ASSIGNMENT: Beginning with the line that contains "2022 OEM ODM" and ending with the line that contains "Exotic Shorthair Cat", reproduce the lines of the entries below exactly, omitting pictures.

EXERCISE MATERIAL:

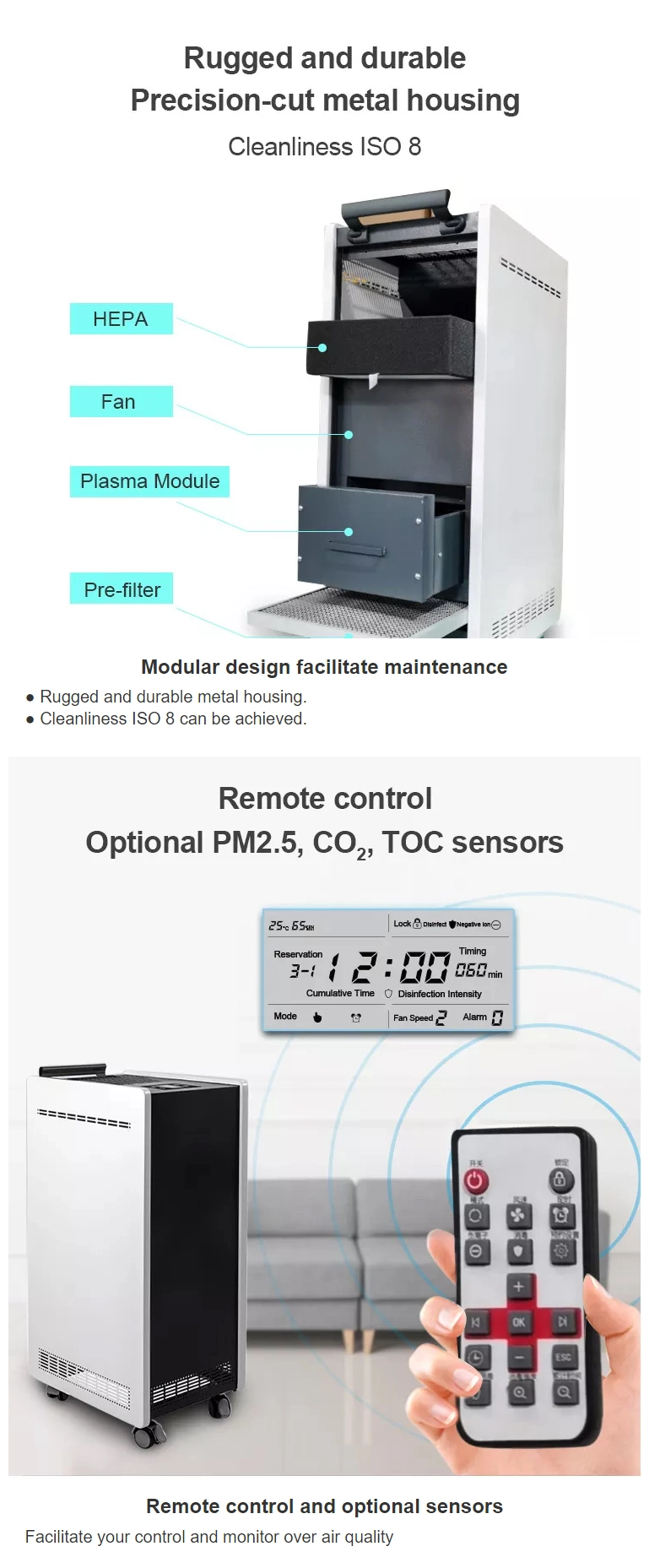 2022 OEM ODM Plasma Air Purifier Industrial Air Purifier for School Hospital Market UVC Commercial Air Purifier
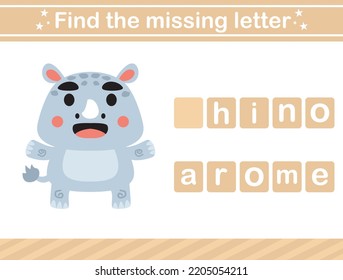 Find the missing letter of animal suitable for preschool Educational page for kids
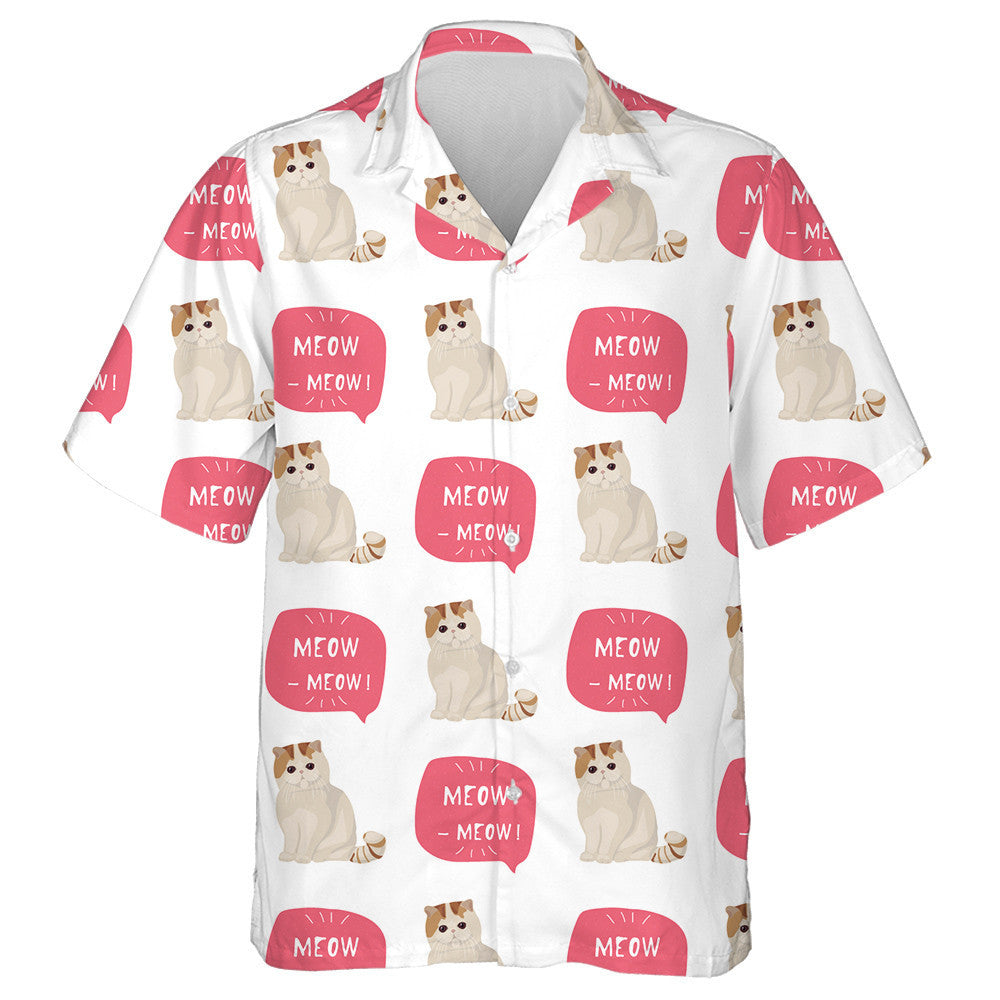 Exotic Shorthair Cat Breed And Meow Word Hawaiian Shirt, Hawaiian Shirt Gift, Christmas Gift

--

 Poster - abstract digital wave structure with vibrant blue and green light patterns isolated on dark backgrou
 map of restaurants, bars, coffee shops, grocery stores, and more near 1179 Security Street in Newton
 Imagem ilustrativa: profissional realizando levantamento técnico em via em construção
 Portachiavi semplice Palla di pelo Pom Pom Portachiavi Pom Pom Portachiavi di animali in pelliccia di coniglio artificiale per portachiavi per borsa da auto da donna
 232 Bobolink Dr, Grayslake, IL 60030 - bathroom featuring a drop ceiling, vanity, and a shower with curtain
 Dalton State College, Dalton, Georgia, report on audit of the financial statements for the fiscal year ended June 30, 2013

TASK SOLUTION:
 2022 OEM ODM Plasma Air Purifier Industrial Air Purifier for School Hospital Market UVC Commercial Air Purifier
 Find the missing letter of animal suitable for preschool Educational page for kids
 Exotic Shorthair Cat Breed And Meow Word Hawaiian Shirt, Hawaiian Shirt Gift, Christmas Gift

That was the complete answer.